One day, he set up a gmail account for us both to post to so we weren't using work email (as his wife knows his password). I knew I was jumping off the cliff right then and there.

We started just talking about life, kids, etc for a few days and then he started emailing me or telling me to my face how good I looked and how gorgeous I was.

Then he told me he wanted to kiss me. Then, it graduated to more sexual talk. I never replied back in any of these ways but tried to steer the conversation more about general safe topics. We talked about books and other things we liked and soon after, he told me he loved me. He never pushed me to get physical. In fact, he kept me at a distance and most of our conversations were over the phone or email, even though we worked 25 feet apart from each other. He said just in case there was a one in a million chance we could be together, he wanted me to think he was "good."

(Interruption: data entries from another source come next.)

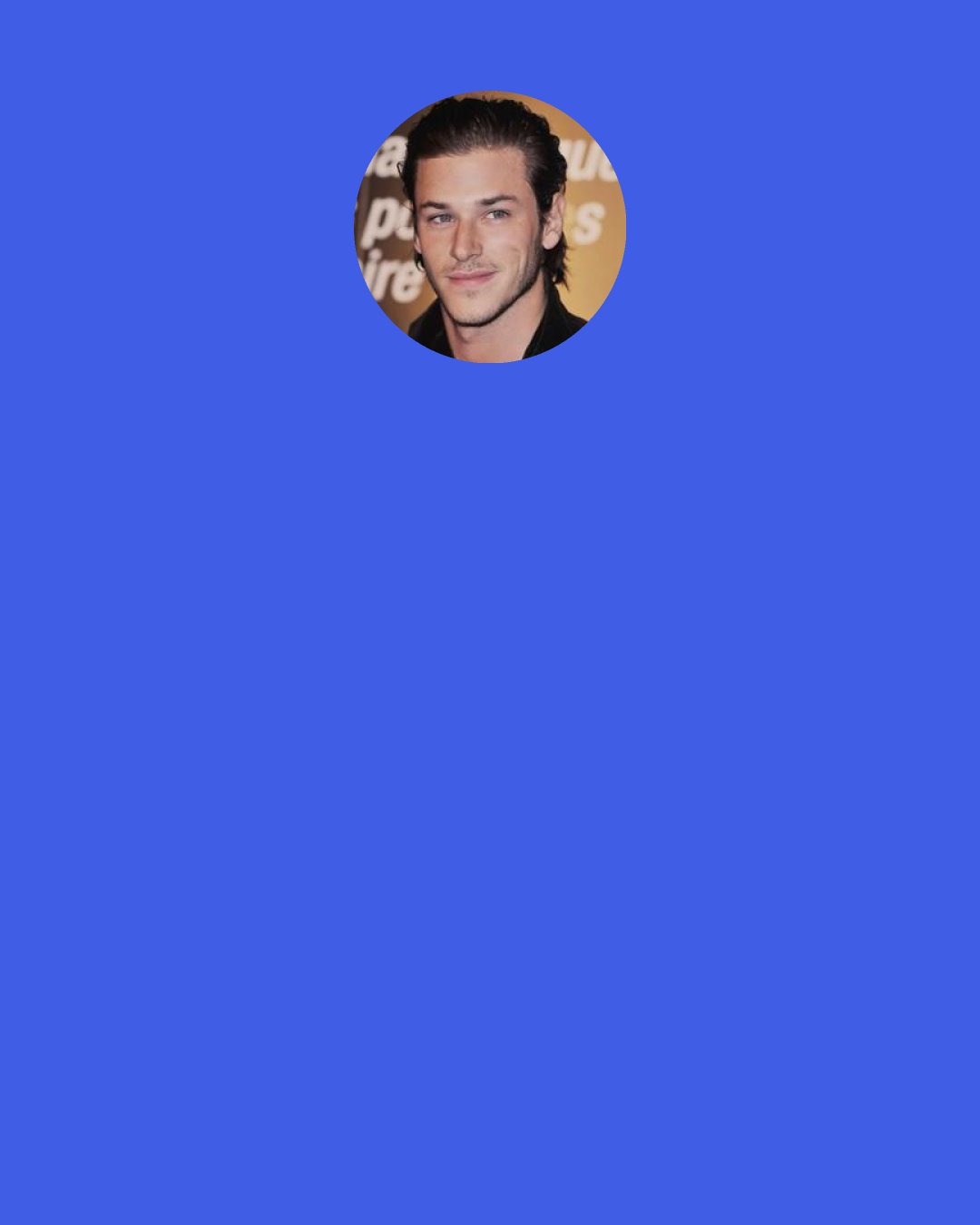 Gaspard Ulliel: I love good food. I’m an epicurean, that’s for sure. … But I am not really a good cook.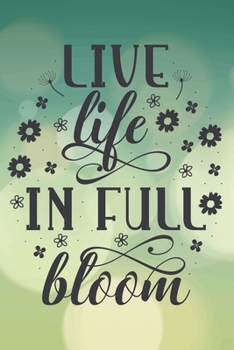 Paperback Live Life In Full Bloom: Special life Quote Notebook Journal Diary for everyone - lifestyle, flower, happiness Book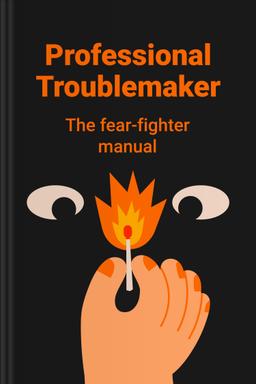 Professional Troublemaker Summary book cover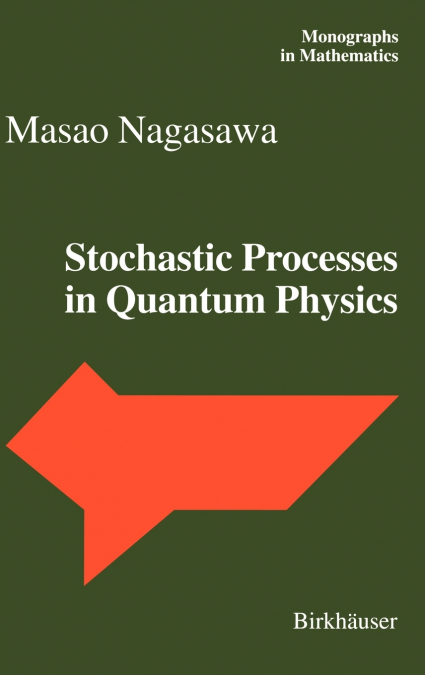 Stochastic Processes in Quantum Physics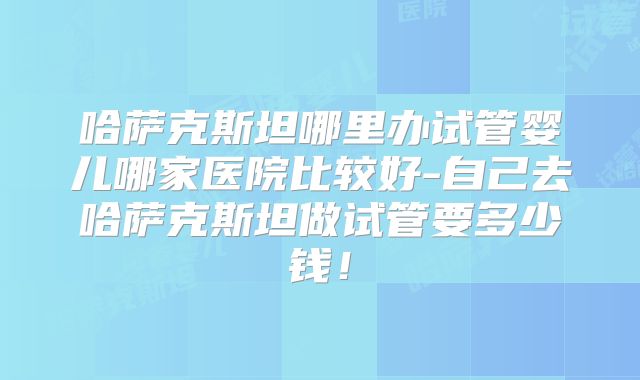 哈萨克斯坦哪里办试管婴儿哪家医院比较好-自己去哈萨克斯坦做试管要多少钱！
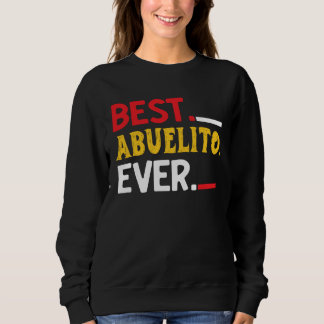 Best Abuelito Ever Fathers Day Party Sweatshirt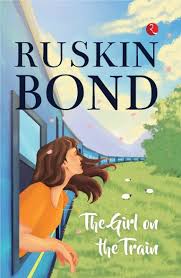 THE GIRL ON THE TRAIN by Ruskin Bond | Goodreads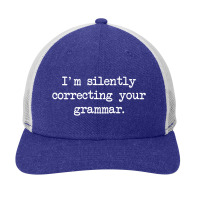 I'm Silently Correcting Your Grammar. Snapback Trucker Cap | Artistshot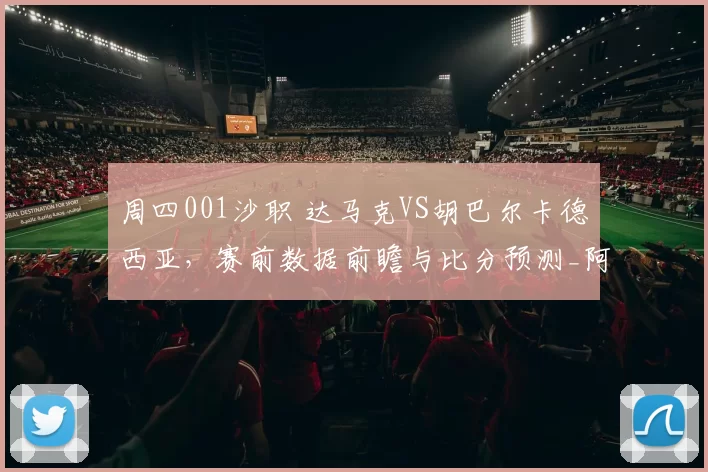 周四001沙职 达马克VS胡巴尔卡德西亚，赛前数据前瞻与比分预测_阿尔_战术_瓦拉德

He never said anything bad about his wife, in fact, he said everything great that happened in their family was the result of her.

Now that I look back on it, he pursued me and I was so stupid not to see what was happening. By the time I told my husband about it, it was too late and I was caught up in all the attention.

Why did I fall for it? I ask myself that everyday. I didn't think of myself as someone with poor self esteem but I certainly am a person who seeks external validation.

I'm in IC trying to find the answers to these questions right now.

I have NC with MM and he now works at another building.

My husband told MM's wife about it 6 months after the fact along with evidence.

I can't imagine what his life is like now and I constantly wonder if he really loved me or if I was used.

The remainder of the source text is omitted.